Electric School Buses Shuttling Legislators from Cacapon State Park to Berkeley Springs

West Virginia state legislators, meeting at Cacapon State Park this week for interim meetings, won’t be sucking diesel fumes riding on school buses, like the school kids in Morgan County do every morning.

Mark Nestlen
VP GreenPower Motor Company
With electric bus at Cacapon State Park

Instead, the legislators will be riding on clean, fume-free electric school buses.

Three of the brand spanking new electric buses were parked in front of the lodge at Cacapon State Park this morning waiting to shuttle the legislators to Berkeley Springs for dinner and sightseeing.

The three full sized electric buses are the only ones in West Virginia – one for Ohio County, one for Grant County and one for Monongalia County.

But that’s just the initial pilot program. 

In the coming months, another five will be delivered to other counties around the state. Wirt County got one bus, Boone County got three and Wyoming County got one. 

Morgan County applied for five buses, but did not win the electric school bus lottery.

The counties that won the lottery got $375,000 from a federal grant to buy each bus and an additional $20,000 per bus for charging infrastructure.

Mark Nestlen, a vice president at GreenPower Motor Company, the maker of the electric buses, anticipates that the state’s entire fleet of about 3,000 diesel buses will be replaced by electric buses in coming years.

GreenPower will start manufacturing additional electric school buses in January 2023 at their South Charleston, West Virginia facility, which is producing buses for the market east of the Mississippi River.

“Nationwide and in West Virginia, you’re sitting on the start of a brand new school day,” Nestlen told Morgan County USA in an interview on one of the buses parked outside the Cacapon State Park lodge, waiting to transport the legislators to Berkeley Springs.

“This is what the future is going to look like in school bus transportation – electric buses in school bus transportation,” he said. “It makes a lot of sense. Routes are set. You know how many miles buses are going to travel, you know where they’re going to travel, you know the periods of time that you can charge vehicles. From a logistics standpoint, it’s very easy to replace your diesel fleet with an electric school bus fleet.” 

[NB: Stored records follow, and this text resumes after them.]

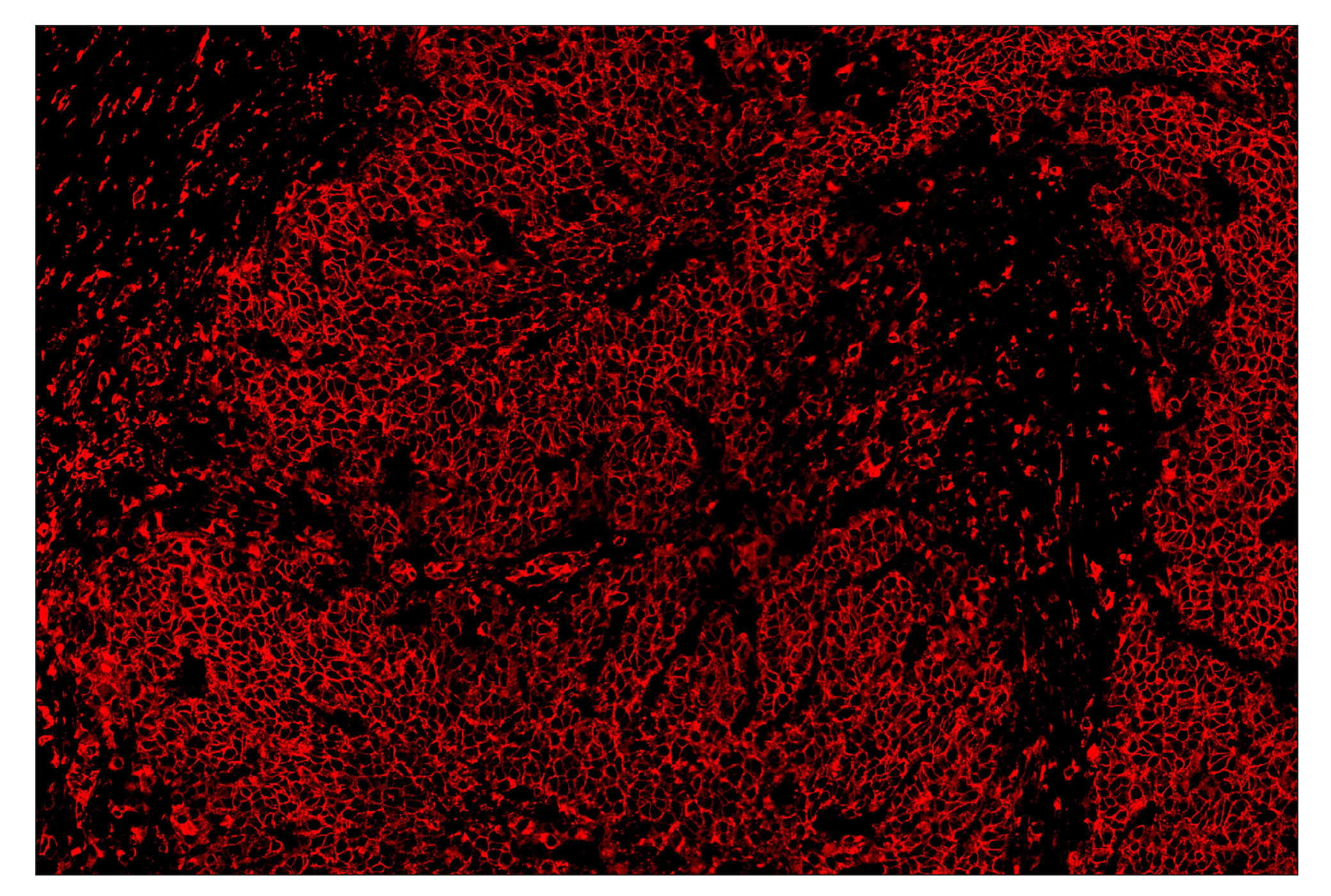 Immunohistochemistry Image 4: HLA-DRA (E9R2Q) & CO-0023-488 SignalStar™ Oligo-Antibody Pair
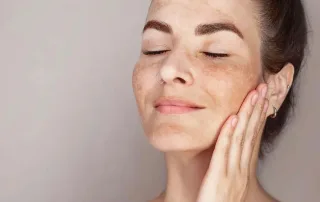 بهترین روتین ضد لک برای انواع پوست صورت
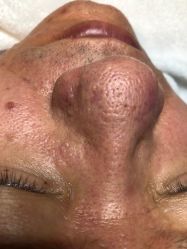 -SKIN MOLY魔力之肌皮肤管理中心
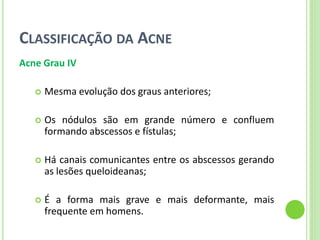 CLASSIFICAÇÃO DA ACNE 
Acne Grau IV 
Mesma evolução dos graus anteriores; 
Os nódulos são em grande número e confluem formando abscessos e fístulas; 
Há canais comunicantes entre os abscessos gerando as lesões queloideanas; 
É a forma mais grave e mais deformante, mais frequente em homens.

West Virginia is a conservative fossil fuel state. How are you going to sell electric buses to these legislators?

“What’s going to make the electricity for these buses?” Nestlen asks. “Coal. Every time you see a railcar full of coal, there goes another load of electric bus fuel. Coal makes the electricity that powers these vehicles.”

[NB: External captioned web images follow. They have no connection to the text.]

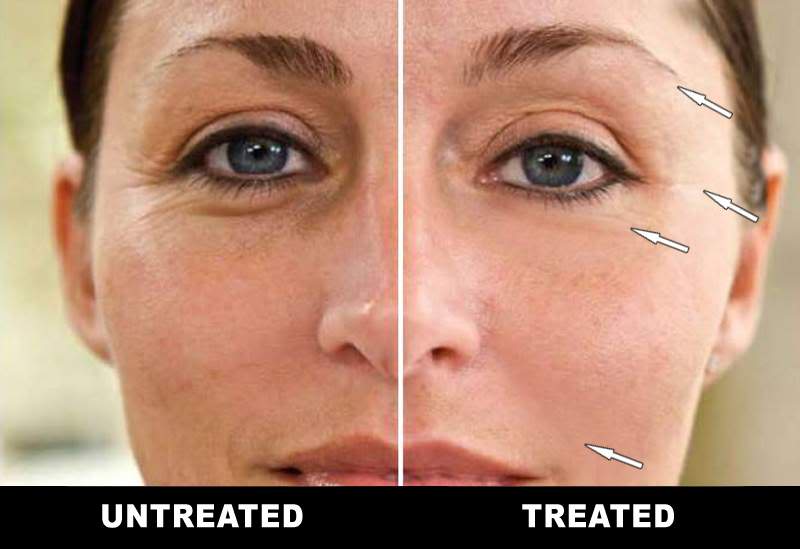 Before and After Microcurrent Facial Toning at American Face & Body Clinic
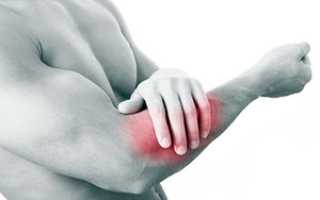 Боль в локтевом суставе при нагрузках или поднятии тяжести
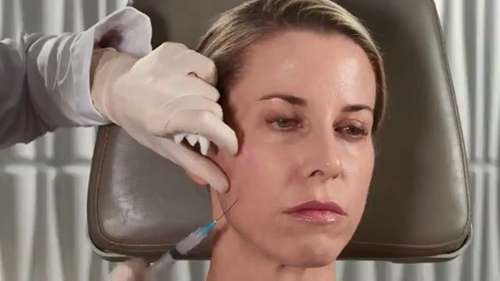 舒颜萃童颜针注射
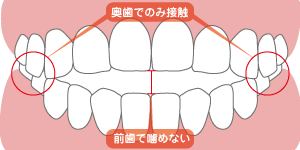 開咬イラスト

“How does that benefit the climate? You can do a much better job controlling emissions for a sole source – the coal plant — than you can from controlling emissions from 3,000 sources – the buses.”

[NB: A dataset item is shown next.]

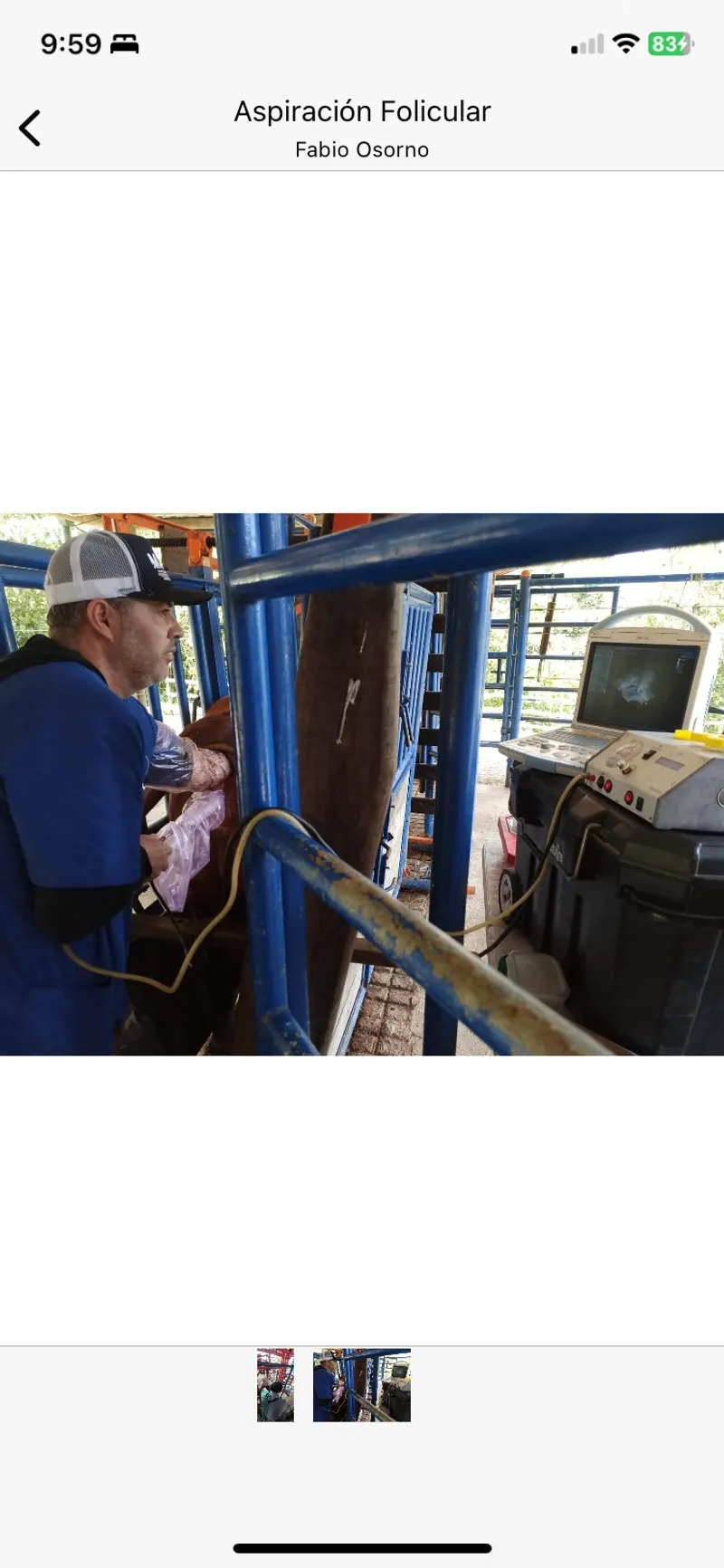 Aspiración folicular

“The best education is our number one priority at Grant County Schools, but we also have a responsibility to give our students a better planet as well,” said Mitch Webster, superintendent of Grant County Schools. “Through our participation in the GreenPower electric school bus pilot program, we can do our part too. Our students will have the opportunity to ride in an all-electric school bus from a company who manufactures these buses right here in our home state and we look forward to being part of the program.”